The practical details of this corporate listening and waiting are of immediate concern to all Quakers. We have insisted on an open and freely shared ministry; as a result, the on-going life of our meetings is shaped to an extraordinary degree by each meeting’s members. Caring for ourselves and one another well—calling forth the Holy Seed effectively—requires (and elicits) very careful attention. Each situation is a fresh opportunity, yet our experimental approach has led to a body of experiential learning.
Quakers have naturally supported each other by sharing approaches that have worked well in the past: methods of listening, discerning, and acting that have reliably embodied our core leadings, especially in situations that recur again and again. A book of Faith and Practice records such shared learnings, brought together for the guidance of meetings and their members, and endorsed (in this case) by the yearly meeting. Books of Faith and Practice exist to coach monthly meetings and worship groups, individual members and attenders, in how to care for themselves and each other in basic ways. Books of Faith and Practice have proven to be an effective means to convey our faith, inspiring and guiding expression of the Spirit’s leadings.

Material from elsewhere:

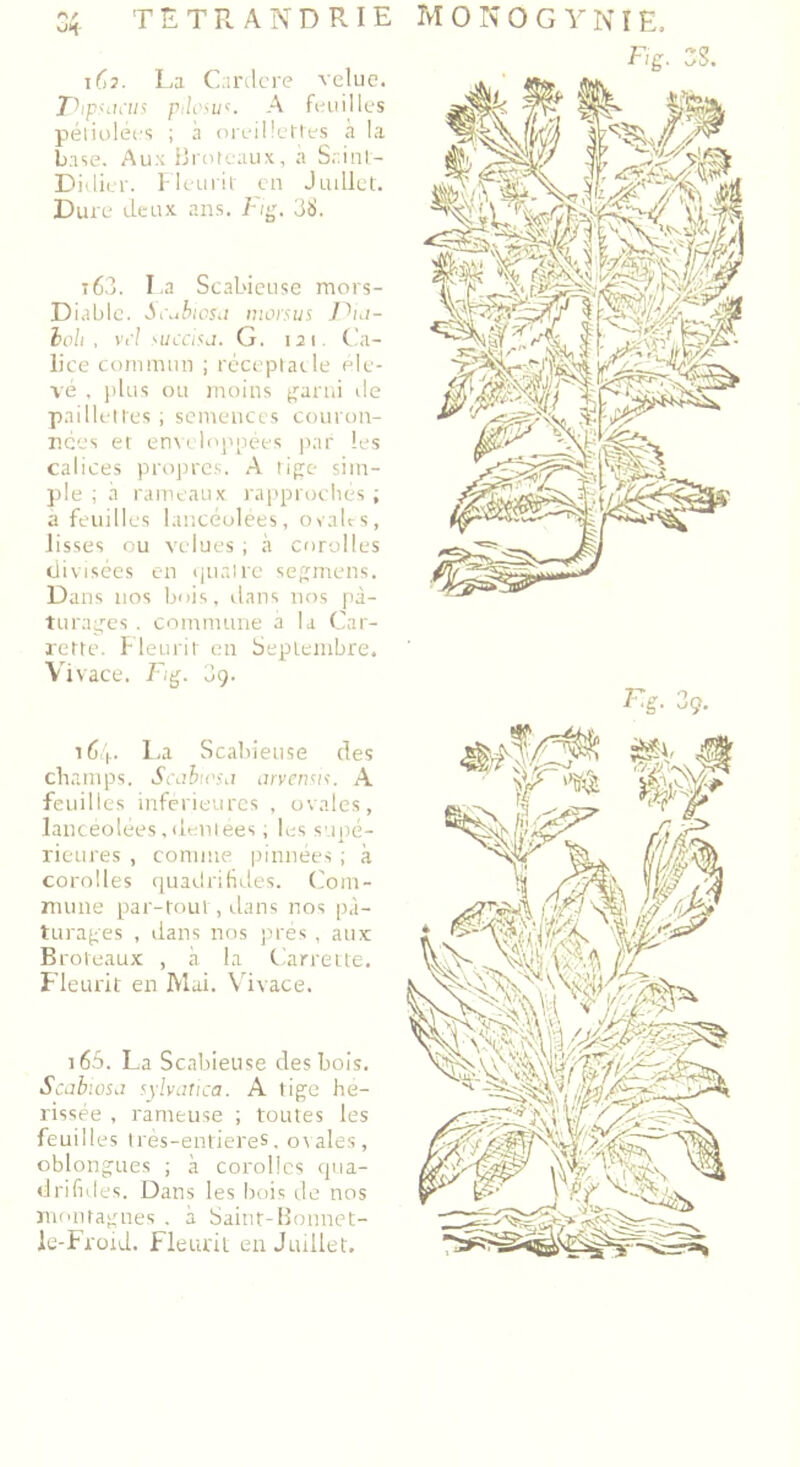 162. La Cardcre velue. Dtphicus pilosua. A feuilles péliolées ; à oreillettes à la base. Aux Brntcaux, à Saint- Didier. Fleurit en Juillet. Dure deux ans. Fig. 38. t63. La Scabieuse mors- Diablc. Si\,biosa morsus J^ia- boh , vi'l succitd. G. m. Ca- lice commun ; réceptacle éle- vé , plus ou moins garni de paillettes ; semences couron- nées et enveloppées par les calices propres. A tige sim- ple ; à rameaux rapprochés ; à feuilles lancéolées, ovales, lisses ou velues ; à corolles divisées en quatre segmens. Dans nos bois, dans nos pâ- turages . commune a la Car- rette. Fleurir en Septembre. Vivace. Fg. 3ç. 164. La Scabieuse des champs. Scabicsa arvensis. A feuilles inférieures , ovales, lancéolées,dentées ; les supé- rieures , comme pinnées ; à corolles quadrifides. Com- mune par-tout, dans nos pâ- turages , dans nos près , aux Broteaux , à la Carrelle. Fleurit en Mai. Vivace. i65. La Scabieuse des bois. Scabiosa sylvatica. A tige hé- rissée , rameuse ; toutes les feuilles très-entieres. ovales, oblongues ; à corolles qua- drifides. Dans les bois de nos montagnes . à Saint-Bomiet- le-Froid. Fleurit en Juillet.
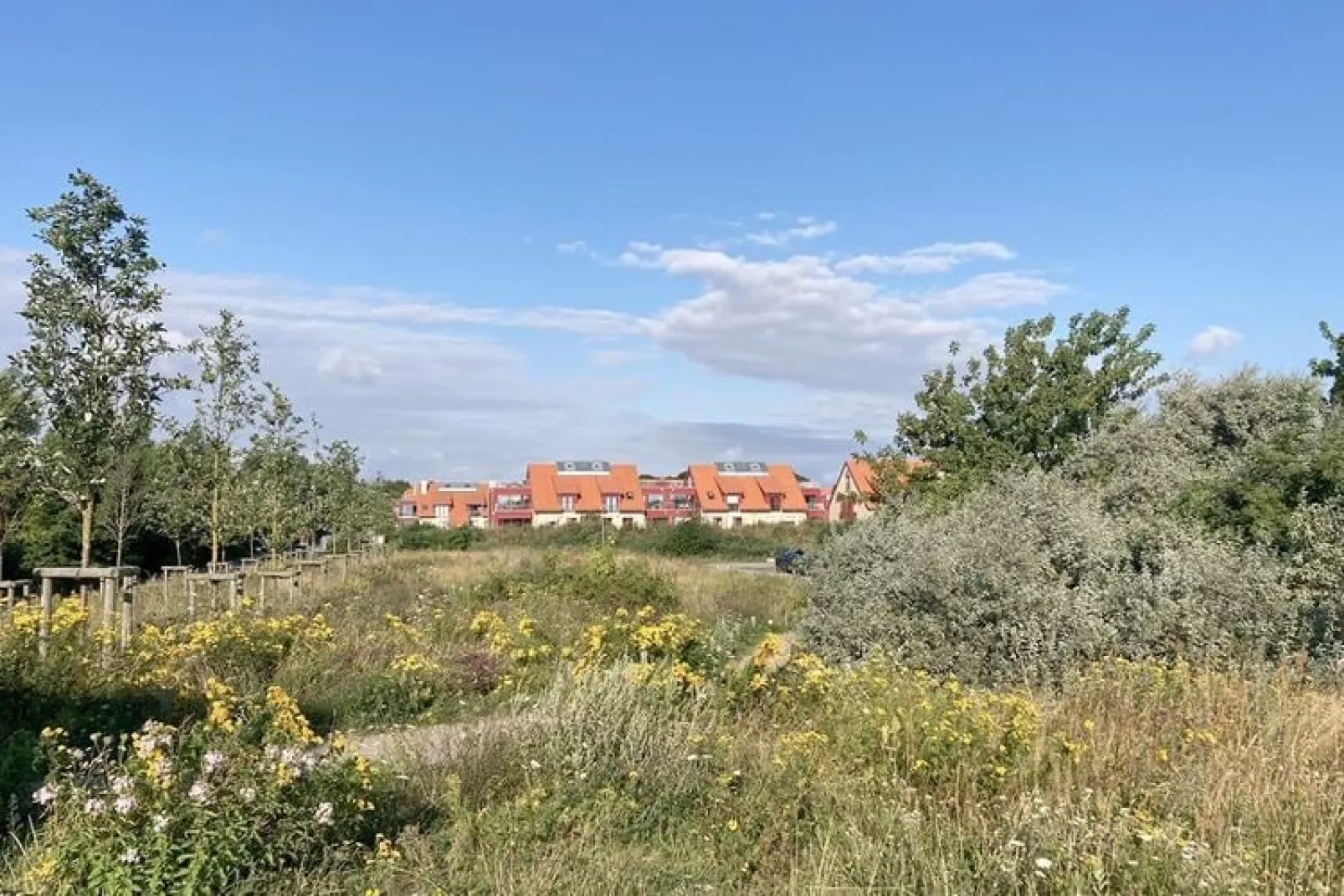 Bades Huk Hohenkirchen-3 Schlafzimmer-Außenbereich Sommer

This Faith and Practice is intended as a guide to Friends’ characteristic practices, embodying the wisdom and experience of Illinois Yearly Meeting (ILYM) Friends. Not every detail of every practice described here will fit the real-life situation of every meeting or Friend. It would be unfaithful to insist that they be followed in preference to the Spirit’s present guidance! Nevertheless, we have tried to assemble here descriptions of tested ways of doing things, practices it would be good to follow whenever practical, apart from unusual circumstances or special leadings. This Faith and Practice also includes perspectives on the spiritual meaning and underlying coherence of our current practices, often in the form of excerpts from Friends’ writings. Glimpses of this deeper pattern can illumine our usual practices, and can guide improvisation in exceptional cases or new circumstances. These practices and perspectives have empowered our meetings to find unity and move forward in that unity—both unity with each other, and a deeper unity in and with the Holy Spirit.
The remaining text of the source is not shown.